Getting IPv6 working is a little bit more work, but not as much as you might think!

You’ll find a lot of blog and forum posts around the web saying that you need to install extra packages to make being an IPv6 gateway work - but it’s not true anymore!9

First, let’s set up the WAN port. /etc/hostname.bge0 needs another line:

inet autoconf
inet6 autoconf

Then restart the network interface again: sh /etc/netstart bge0.

That might actually be enough to get local IPv6 working ‘outwards’ (like, you can ping6 things from the router)10 - but it’s not enough to propagate it to the LAN.

We need something to request a block of IPv6 addresses for the LAN clients (from the WAN), something to actually ‘delegate’ addresses to the LAN, and something to route packets.

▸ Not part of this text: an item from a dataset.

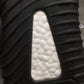 YzY Boost 350 V2 Core Black Green Shoes Sneakers - ad0000017 image 5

The built-in dhcp6leased can request the addresses. Configure it in /etc/dhcp6leased.conf:

request prefix delegation on bge0 for { vio0 }

Next, something to delegate the addresses: rad, the Router Advertisement Daemon. We just need to tell it to do it on the LAN port. In /etc/rad.conf:

interface vio0

Last, we need to configure the packet filter system to deal with IPv6 too. Append to /etc/pf.conf:

# IPv6
icmp6_types = "{ echoreq unreach toobig routersol routeradv neighbrsol neighbradv }"
pass in on $wan_if inet6 proto icmp6 icmp6-type $icmp6_types
pass out on $wan_if inet6 proto icmp6 icmp6-type $icmp6_types
pass in on $wan_if inet6 proto udp from fe80::/10 port dhcpv6-server to fe80::/10 port dhcpv6-client no state
pass out on $wan_if inet6 proto udp from fe80::/10 port dhcpv6-client to fe80::/10 port dhcpv6-server no state
pass out on $wan_if inet6

Here, we’re letting ICMP (ping) packets of the types necessary for IPv6 autoconfiguration (so-called ‘Stateless Address Auto-configuration’ - or ‘SLAAC’) through, we’re letting DHCPv6 packets from the ISP into the WAN port to allow it to delegate addresses to us, and otherwise just passing out any IPv6 connections LAN clients might make to the outside world.

Once again, pfctl -nf /etc/pf.conf will check the file for errors, and pfctl -f /etc/pf.conf will load it dynamically without needing a reboot.

And again, just like for IPv4, we need to switch on IPv6 forwarding - sysctl net.inet6.ip6.forwarding=1, and add the line net.inet6.ip6.forwarding=1 to /etc/sysctl.conf.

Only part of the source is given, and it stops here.